Hello. In classes/reading texts on linear algebra, I have always been told to use block algorithms. The rationale and everything makes sense to me, but I haven’t quite understood one part of implementation (ie, coding something myself): loading n blocks into memory to fill the cache, and then operating with those blocks.

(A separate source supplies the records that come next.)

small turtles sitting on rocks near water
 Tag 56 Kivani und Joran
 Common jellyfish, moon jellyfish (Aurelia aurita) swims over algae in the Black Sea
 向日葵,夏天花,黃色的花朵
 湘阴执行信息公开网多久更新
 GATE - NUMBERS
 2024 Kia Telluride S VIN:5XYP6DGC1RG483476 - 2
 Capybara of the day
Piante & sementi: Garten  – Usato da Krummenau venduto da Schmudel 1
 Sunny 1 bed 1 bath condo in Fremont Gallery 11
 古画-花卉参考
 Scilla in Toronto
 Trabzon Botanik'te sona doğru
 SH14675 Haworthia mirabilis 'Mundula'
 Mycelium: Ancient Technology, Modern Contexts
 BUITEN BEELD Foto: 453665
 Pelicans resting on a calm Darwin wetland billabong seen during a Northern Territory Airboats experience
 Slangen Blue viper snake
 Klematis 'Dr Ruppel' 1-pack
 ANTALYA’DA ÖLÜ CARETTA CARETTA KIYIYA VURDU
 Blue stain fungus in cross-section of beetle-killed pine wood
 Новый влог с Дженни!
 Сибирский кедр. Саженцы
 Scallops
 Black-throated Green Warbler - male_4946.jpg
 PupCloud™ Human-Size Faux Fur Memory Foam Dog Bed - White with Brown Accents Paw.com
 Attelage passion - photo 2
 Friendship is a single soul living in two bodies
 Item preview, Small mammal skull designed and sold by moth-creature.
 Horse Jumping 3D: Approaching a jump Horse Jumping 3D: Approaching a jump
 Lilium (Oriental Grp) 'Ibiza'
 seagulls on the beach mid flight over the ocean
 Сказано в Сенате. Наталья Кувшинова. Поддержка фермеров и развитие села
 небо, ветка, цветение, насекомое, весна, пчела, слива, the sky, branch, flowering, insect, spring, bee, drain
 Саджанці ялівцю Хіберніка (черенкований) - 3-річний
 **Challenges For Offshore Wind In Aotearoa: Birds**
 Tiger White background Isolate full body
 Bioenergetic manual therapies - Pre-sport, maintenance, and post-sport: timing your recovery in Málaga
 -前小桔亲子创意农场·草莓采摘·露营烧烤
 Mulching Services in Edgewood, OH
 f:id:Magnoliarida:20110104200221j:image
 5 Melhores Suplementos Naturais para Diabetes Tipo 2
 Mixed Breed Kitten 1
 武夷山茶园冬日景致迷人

As an example, here is a part of LAPACK’s dlaswp
, which permutes the rows of a matrix A
according to a permutation matrix stored as vector in IPIV
https://www.netlib.org/lapack/explore-html/d1/d7e/group__laswp_ga5d3ea3e3cb61e32750bf062a2446aa33.html:
n32 = ( n / 32 )*32
IF( n32.NE.0 ) THEN
DO 30 j = 1, n32, 32
ix = ix0
DO 20 i = i1, i2, inc
ip = ipiv( ix )
IF( ip.NE.i ) THEN
DO 10 k = j, j + 31
temp = a( i, k )
a( i, k ) = a( ip, k )
a( ip, k ) = temp
10 CONTINUE
END IF
ix = ix + incx
20 CONTINUE
30 CONTINUE
END IF
If I were to code this algorithm myself, I would just have do loop 30 iterate j
from 1
to n
, and get rid of do loop 10 (ie, one iteration of this look with k=j
), hoping that if I just iterate sequentially one-by-one, the compiler would load in the appropriate amount of columns of a row to fill the cache well (since there is no Fortran command that says “load these rows/these 32 elements of these rows into memory right now”). Is this the type of style block algorithms should be coded in Fortran?